One might argue that internal disciplinary mechanism are enough to punish prosecutors who act inappropriately. However, various surveys suggest otherwise. In a report on prosecutorial oversight, the Innocence Project listed a number of studies that showed that prosecutors are almost never disciplined for their unintentional error or purposeful wrongdoing. One particularly disturbing surveyreviewed 201 cases in which a judge found that federal prosecutors had violated a law or ethical rule. In only one of these cases was a prosecutor sanctioned.

This realization is indeed alarming, but it should not be surprising. Prosecutors individually and DA’s offices as a whole have virtually no incentive to behave in strict compliance with their legal and ethical obligations. Individual prosecutors know that there is a minuscule chance of being held civilly liable for their actions. And their superiors simply will not punish unethical behavior (at least regarding defendants’ rights). On the contrary, prosecutors are often structurally incentivized to attain convictions, not necessarily justice. For example, at least one DA’s office in Colorado gave prosecutors bonuses for successful convictions. While monetizing convictions is far from a common practice, it does illustrate the wider issue of prosecutors being incentivized to send people to jail instead of to seek justice.

It may seem that the primary purpose of this discussion is to demonize prosecutors. This is not my intention. I do not believe that prosecutors as a whole are a herd of elephants trampling on the rights of defendants. Most prosecutors are probably just trying to achieve what they think is the best result for society. But therein lies the problem. If a prosecutor truly feels that a certain result is in the best interest of society—is the good and moral outcome—they may feel justified in circumventing ethical boundaries.

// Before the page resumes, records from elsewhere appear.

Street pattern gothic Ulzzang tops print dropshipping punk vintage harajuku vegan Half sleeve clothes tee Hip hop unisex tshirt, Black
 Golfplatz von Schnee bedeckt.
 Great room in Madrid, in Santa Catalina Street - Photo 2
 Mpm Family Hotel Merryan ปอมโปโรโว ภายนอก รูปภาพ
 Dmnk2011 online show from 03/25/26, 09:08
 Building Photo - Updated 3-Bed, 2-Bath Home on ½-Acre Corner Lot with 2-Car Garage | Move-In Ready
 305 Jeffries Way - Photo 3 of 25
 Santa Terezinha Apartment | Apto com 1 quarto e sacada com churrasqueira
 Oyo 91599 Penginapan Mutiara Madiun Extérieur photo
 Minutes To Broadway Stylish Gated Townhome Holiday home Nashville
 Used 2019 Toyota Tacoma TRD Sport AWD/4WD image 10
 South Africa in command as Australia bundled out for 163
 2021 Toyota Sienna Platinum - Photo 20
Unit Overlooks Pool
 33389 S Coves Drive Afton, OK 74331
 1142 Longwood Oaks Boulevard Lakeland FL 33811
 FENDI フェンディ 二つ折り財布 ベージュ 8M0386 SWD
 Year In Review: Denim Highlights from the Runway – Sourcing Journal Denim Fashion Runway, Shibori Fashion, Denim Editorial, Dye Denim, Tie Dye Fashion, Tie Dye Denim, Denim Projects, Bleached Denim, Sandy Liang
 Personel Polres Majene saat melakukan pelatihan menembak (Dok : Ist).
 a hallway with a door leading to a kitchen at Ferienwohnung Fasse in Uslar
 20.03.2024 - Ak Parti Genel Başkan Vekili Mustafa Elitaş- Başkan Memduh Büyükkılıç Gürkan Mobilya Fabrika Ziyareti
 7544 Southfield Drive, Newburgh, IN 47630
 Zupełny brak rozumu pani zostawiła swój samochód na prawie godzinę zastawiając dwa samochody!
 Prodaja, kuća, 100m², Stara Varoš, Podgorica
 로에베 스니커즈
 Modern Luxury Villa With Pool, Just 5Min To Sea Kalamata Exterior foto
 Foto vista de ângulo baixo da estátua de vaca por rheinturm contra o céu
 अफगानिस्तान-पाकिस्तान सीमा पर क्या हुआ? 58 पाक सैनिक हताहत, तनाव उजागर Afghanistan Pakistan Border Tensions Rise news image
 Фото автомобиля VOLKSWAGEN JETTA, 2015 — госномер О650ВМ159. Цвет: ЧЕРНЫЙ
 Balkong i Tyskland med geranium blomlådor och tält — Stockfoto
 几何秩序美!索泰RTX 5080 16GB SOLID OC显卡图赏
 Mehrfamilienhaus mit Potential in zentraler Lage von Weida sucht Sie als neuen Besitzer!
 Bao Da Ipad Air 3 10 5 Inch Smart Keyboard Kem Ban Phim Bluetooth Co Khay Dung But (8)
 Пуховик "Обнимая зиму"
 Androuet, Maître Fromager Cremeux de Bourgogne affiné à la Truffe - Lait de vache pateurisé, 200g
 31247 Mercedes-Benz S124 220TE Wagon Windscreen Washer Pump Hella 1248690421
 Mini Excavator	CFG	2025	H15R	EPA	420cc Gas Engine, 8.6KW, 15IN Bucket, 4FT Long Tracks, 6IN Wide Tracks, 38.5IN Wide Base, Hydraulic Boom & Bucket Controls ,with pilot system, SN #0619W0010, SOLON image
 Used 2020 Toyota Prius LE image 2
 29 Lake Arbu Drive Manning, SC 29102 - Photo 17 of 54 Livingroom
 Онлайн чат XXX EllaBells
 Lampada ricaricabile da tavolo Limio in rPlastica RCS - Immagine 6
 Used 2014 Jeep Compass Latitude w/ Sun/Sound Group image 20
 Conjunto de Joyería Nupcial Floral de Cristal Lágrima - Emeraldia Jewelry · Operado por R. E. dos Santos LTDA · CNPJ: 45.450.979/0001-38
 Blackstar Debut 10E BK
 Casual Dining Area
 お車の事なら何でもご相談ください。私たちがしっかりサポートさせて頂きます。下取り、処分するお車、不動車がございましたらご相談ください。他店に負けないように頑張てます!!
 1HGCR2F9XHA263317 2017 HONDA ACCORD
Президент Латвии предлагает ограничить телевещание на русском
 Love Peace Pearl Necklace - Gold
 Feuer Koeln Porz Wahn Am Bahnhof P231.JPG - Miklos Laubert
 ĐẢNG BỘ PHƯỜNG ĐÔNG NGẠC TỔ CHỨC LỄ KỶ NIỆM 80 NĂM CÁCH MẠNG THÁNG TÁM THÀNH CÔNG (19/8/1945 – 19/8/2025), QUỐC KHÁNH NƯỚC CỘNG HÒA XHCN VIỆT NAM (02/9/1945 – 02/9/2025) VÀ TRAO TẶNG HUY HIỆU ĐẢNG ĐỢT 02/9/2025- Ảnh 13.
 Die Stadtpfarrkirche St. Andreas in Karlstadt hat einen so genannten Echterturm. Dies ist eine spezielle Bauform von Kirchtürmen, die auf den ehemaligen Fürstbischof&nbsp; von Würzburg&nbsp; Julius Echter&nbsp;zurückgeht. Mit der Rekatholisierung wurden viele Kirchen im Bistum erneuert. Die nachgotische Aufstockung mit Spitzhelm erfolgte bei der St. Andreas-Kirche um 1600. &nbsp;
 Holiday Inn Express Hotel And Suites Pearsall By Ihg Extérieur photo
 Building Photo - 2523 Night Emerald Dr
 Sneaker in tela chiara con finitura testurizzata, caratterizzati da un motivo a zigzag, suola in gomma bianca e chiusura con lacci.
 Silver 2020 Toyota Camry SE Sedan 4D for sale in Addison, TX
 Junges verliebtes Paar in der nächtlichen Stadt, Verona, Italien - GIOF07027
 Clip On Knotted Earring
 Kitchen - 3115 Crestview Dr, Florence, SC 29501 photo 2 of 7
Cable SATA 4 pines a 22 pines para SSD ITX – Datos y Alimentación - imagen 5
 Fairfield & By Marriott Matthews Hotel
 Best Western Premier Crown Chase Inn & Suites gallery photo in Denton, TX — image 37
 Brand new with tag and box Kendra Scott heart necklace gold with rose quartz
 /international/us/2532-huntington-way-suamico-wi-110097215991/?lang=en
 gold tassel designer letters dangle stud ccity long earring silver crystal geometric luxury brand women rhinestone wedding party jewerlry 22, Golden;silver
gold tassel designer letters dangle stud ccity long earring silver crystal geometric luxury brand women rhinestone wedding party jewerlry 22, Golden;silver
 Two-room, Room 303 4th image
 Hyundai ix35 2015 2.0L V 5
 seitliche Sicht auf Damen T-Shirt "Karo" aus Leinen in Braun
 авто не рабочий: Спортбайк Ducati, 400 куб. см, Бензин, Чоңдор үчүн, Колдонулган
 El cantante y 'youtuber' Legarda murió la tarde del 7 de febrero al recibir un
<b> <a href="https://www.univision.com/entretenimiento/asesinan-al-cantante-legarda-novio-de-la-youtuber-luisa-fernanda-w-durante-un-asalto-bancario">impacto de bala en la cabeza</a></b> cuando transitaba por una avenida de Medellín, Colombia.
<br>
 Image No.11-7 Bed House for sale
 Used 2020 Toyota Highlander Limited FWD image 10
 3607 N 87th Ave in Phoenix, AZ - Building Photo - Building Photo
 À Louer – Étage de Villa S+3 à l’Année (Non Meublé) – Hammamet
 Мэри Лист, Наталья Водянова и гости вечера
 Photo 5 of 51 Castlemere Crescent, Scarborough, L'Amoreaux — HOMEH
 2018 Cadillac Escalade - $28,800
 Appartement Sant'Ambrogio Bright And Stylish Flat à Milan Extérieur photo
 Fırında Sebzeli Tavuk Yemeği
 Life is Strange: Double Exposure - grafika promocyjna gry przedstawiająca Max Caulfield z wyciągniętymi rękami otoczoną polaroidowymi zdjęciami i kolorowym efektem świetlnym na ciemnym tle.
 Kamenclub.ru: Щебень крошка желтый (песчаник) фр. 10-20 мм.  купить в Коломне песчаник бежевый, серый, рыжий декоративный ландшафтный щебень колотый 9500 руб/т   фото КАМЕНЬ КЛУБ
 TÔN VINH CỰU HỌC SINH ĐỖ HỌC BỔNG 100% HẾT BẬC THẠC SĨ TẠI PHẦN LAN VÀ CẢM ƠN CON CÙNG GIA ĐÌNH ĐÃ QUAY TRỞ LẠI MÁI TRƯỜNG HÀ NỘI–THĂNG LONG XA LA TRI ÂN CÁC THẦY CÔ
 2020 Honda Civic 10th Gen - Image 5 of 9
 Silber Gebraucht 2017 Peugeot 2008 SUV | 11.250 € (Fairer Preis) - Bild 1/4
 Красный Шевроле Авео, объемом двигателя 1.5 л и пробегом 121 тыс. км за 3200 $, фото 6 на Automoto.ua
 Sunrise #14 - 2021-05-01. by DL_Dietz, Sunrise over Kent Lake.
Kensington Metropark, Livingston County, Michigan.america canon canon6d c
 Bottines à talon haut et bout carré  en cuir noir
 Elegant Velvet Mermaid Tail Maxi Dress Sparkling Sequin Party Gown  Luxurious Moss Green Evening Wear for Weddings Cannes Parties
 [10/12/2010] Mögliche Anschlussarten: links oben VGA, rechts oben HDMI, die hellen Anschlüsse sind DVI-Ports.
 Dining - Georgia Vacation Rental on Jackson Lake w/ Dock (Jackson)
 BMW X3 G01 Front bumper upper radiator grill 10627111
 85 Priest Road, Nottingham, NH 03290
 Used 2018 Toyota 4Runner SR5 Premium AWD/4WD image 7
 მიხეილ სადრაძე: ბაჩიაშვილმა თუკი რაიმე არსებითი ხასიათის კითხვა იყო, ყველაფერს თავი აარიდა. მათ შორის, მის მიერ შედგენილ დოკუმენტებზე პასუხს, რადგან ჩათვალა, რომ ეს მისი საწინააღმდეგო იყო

A piece of Brady evidence may come up missing, a lead on a different suspect may not be followed, or an informant with a history of giving false testimony may be put on the stand. And all of this may be done in an effort to convict the person who the prosecutor is convinced committed the crime. So the ends justify the means.

Except that in our judicial system, they don’t. People are supposed to be innocent until they are objectively proven guilty. A conviction attained through an improper manipulation of the facts is a wrongful conviction, even if the defendant is, in fact, guilty of the crime.

I believe that the ABA’s 2016 report should have included recommendations on how to better monitor prosecutors’ behavior, and appropriately discipline prosecutorial misconduct. One popular suggestion for which I advocate is an open-file system. As it stands, defense counsel has to rely on the prosecution to turn over Brady evidence. An open-file system would give defendants access to all evidence that the prosecution has, allowing them to determine what evidence is relevant to their exculpation.

Additionally, I would recommend that certain instances of prosecutorial misconduct have a mandatory punishment. I realize that prosecutors are human, and therefore they will make mistakes. I can sympathize with the fact that prosecutors, just like public defenders, are severely overworked. However, people’s liberty is at stake when prosecutors make an error or are purposely deceitful.

Currently, our justice system gives prosecutors extensive powers as they seek a conviction or secure a plea deal. I am not arguing the merit of these powers. I do argue that without consequences for the misuse of that power, prosecutors have little incentive to behave ethically, and defendants have little recourse when they are made victims of prosecutorial misconduct.